◆ EXERCISE INSTRUCTIONS:
Everything from the line with "Aveeno Baby Soothing" to the line with "Carbon Fiber Road" in the listing below, both lines included, needs to be copied exactly, apart from the pictures.

◆ INFORMATION GIVEN:
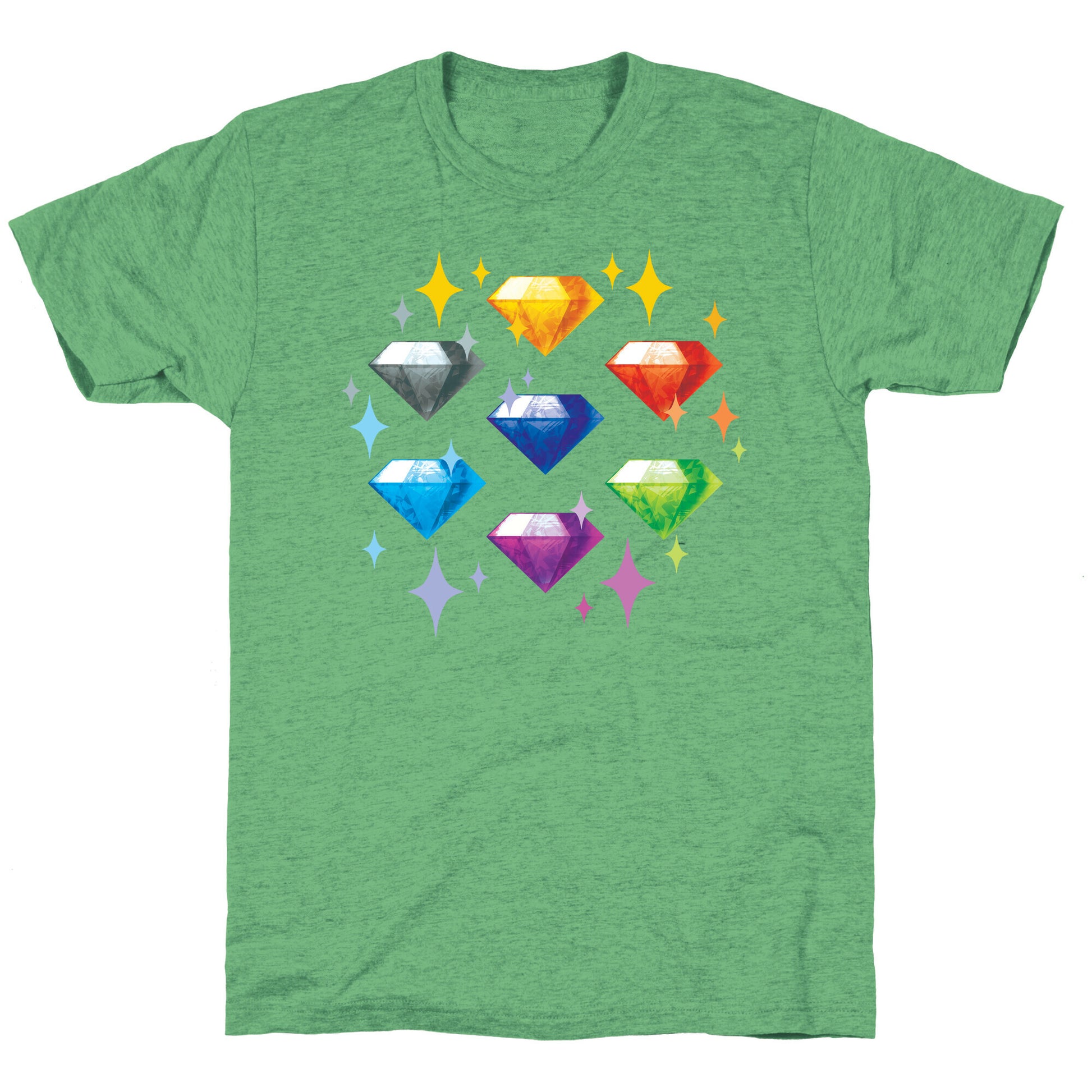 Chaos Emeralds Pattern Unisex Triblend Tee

==

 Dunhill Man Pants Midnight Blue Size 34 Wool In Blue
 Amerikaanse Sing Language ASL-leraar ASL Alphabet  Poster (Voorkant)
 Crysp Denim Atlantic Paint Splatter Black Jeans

...

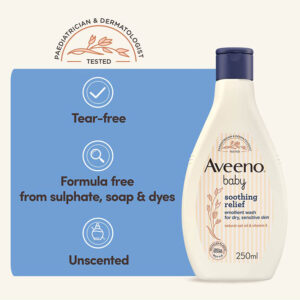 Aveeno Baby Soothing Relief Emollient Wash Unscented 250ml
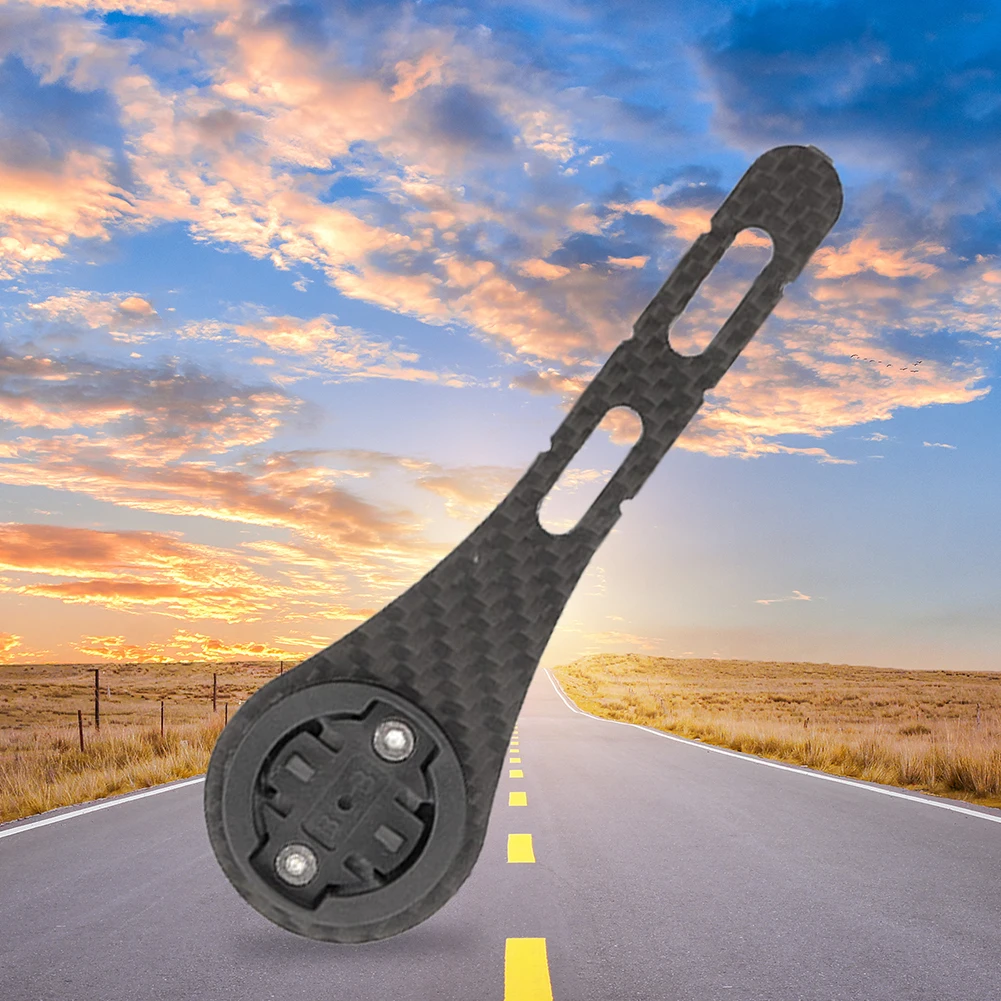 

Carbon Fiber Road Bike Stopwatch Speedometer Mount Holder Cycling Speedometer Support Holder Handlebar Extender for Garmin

◆ OUTPUT BELOW:
 Aveeno Baby Soothing Relief Emollient Wash Unscented 250ml

Carbon Fiber Road Bike Stopwatch Speedometer Mount Holder Cycling Speedometer Support Holder Handlebar Extender for Garmin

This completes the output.